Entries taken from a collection
━━━━━━━━━━

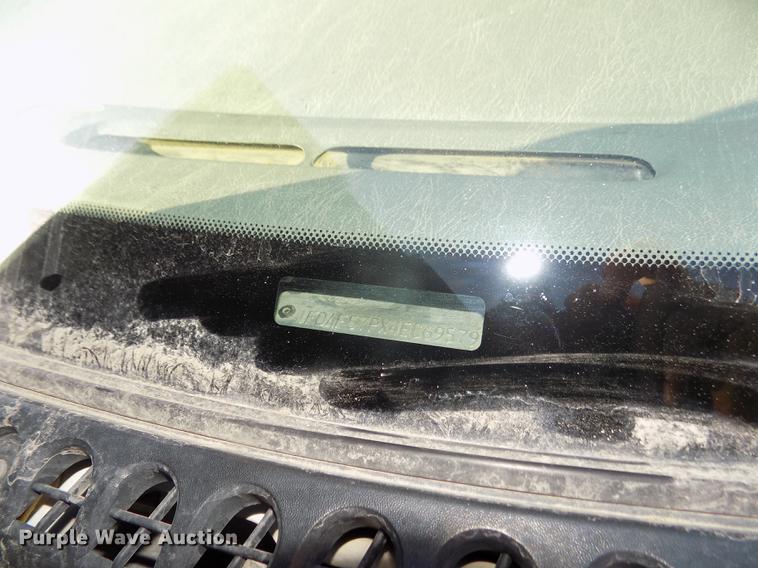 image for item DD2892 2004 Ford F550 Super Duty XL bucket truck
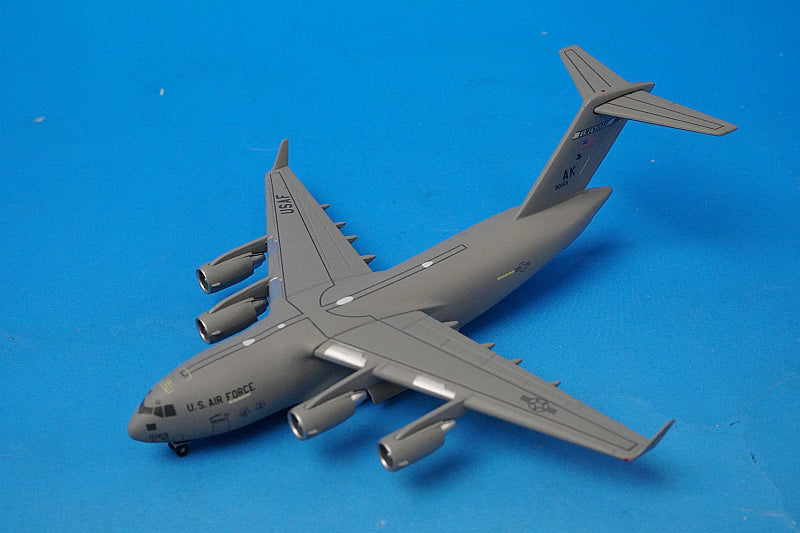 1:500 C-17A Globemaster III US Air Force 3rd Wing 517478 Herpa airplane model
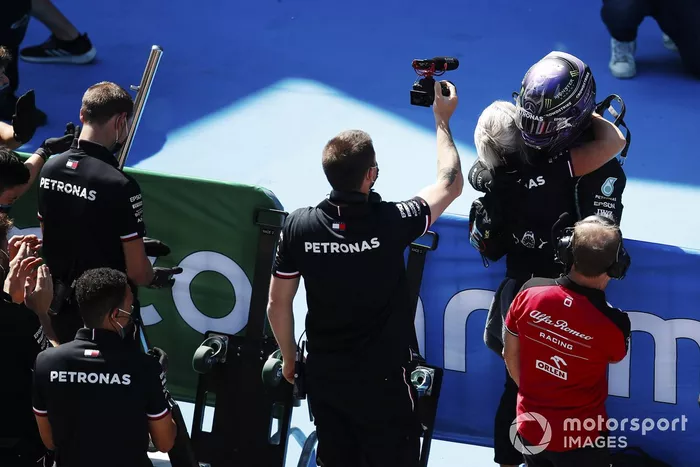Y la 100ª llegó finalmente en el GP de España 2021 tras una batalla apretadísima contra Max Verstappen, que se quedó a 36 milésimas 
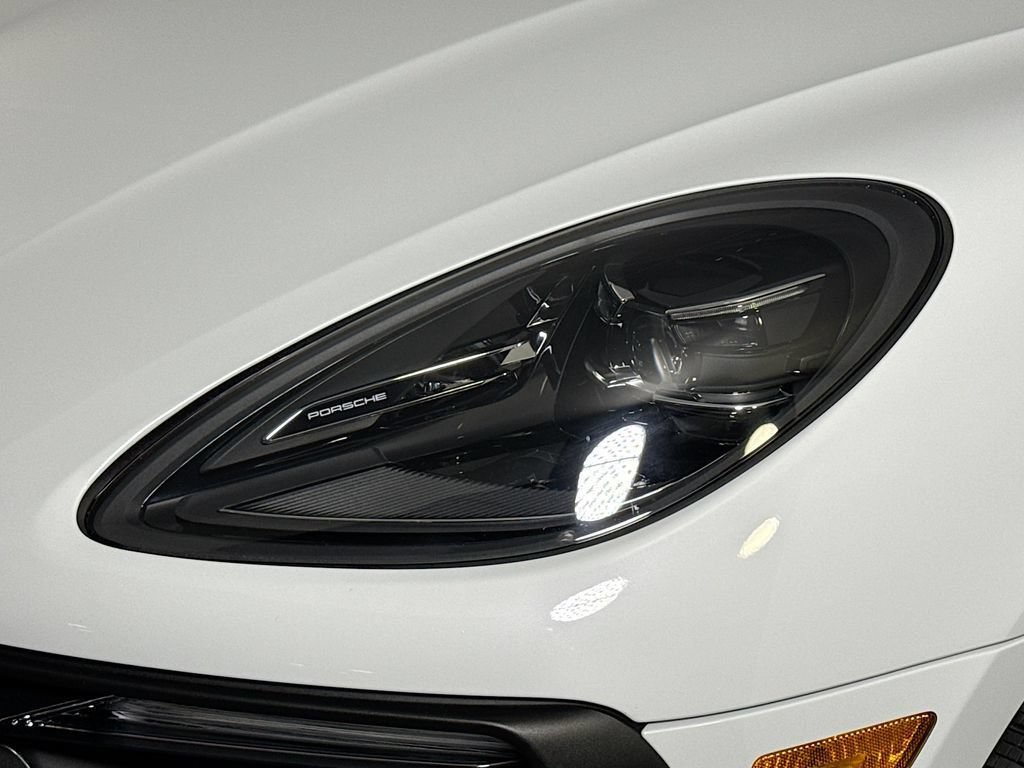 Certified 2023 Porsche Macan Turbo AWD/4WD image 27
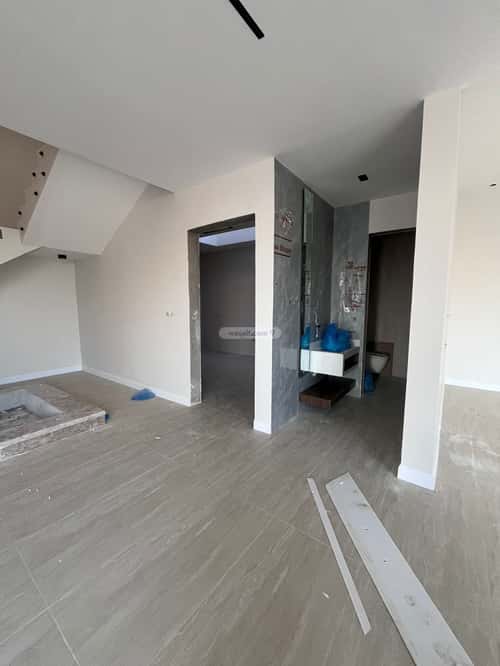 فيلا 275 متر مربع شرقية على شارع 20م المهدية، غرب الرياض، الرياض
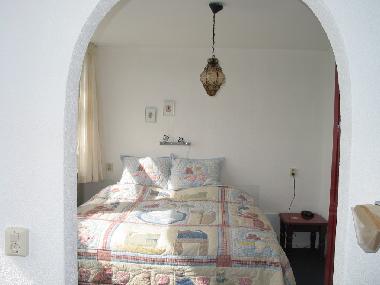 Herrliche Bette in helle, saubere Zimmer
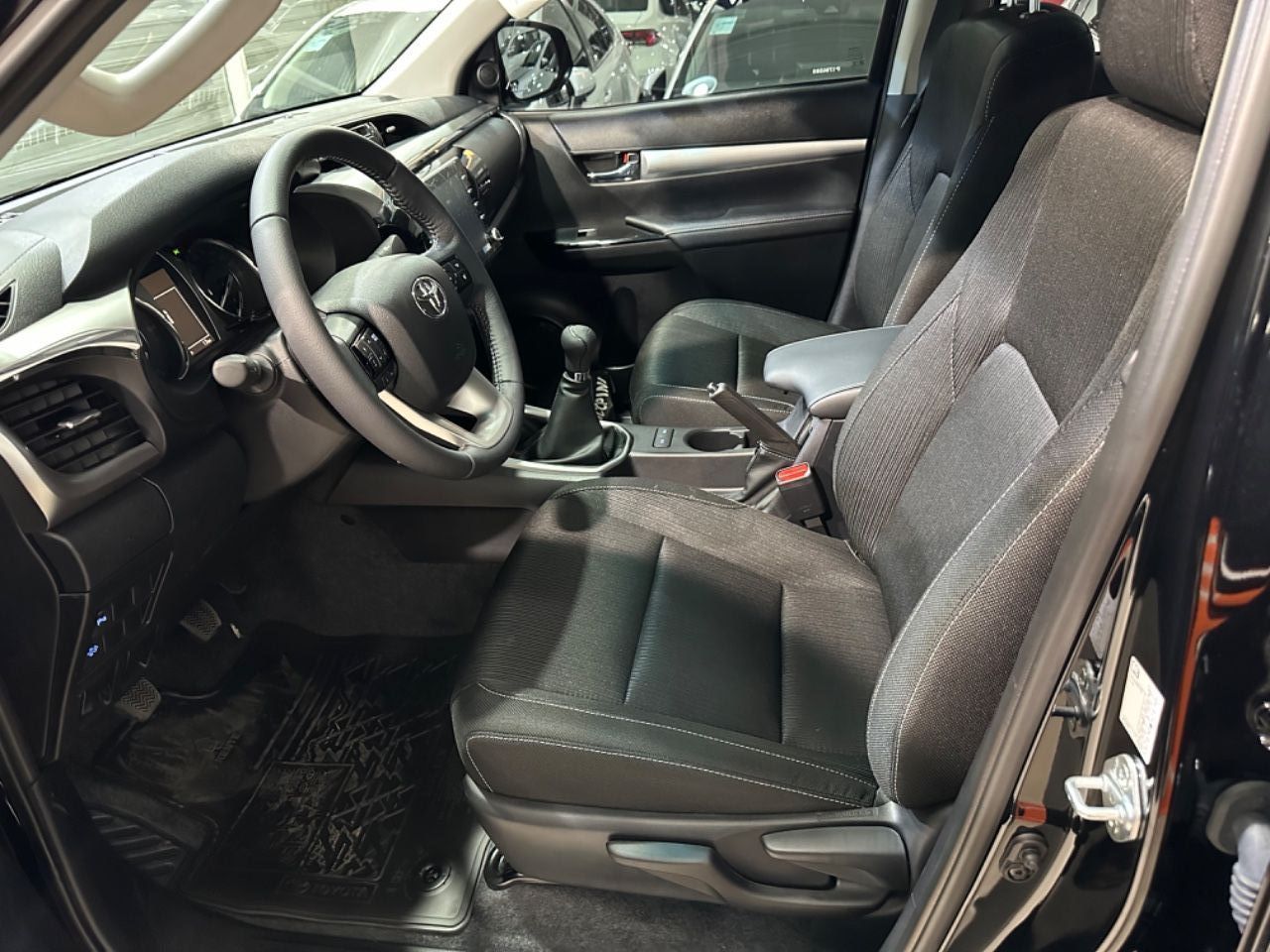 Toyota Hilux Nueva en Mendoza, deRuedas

━━━━━━━━━━

REQUIRED ACTION »
Print the data once more without any change, skipping each picture.

EXPECTED ANSWER »
 image for item DD2892 2004 Ford F550 Super Duty XL bucket truck
 1:500 C-17A Globemaster III US Air Force 3rd Wing 517478 Herpa airplane model
Y la 100ª llegó finalmente en el GP de España 2021 tras una batalla apretadísima contra Max Verstappen, que se quedó a 36 milésimas 
 Certified 2023 Porsche Macan Turbo AWD/4WD image 27
 فيلا 275 متر مربع شرقية على شارع 20م المهدية، غرب الرياض، الرياض
 Herrliche Bette in helle, saubere Zimmer
 Toyota Hilux Nueva en Mendoza, deRuedas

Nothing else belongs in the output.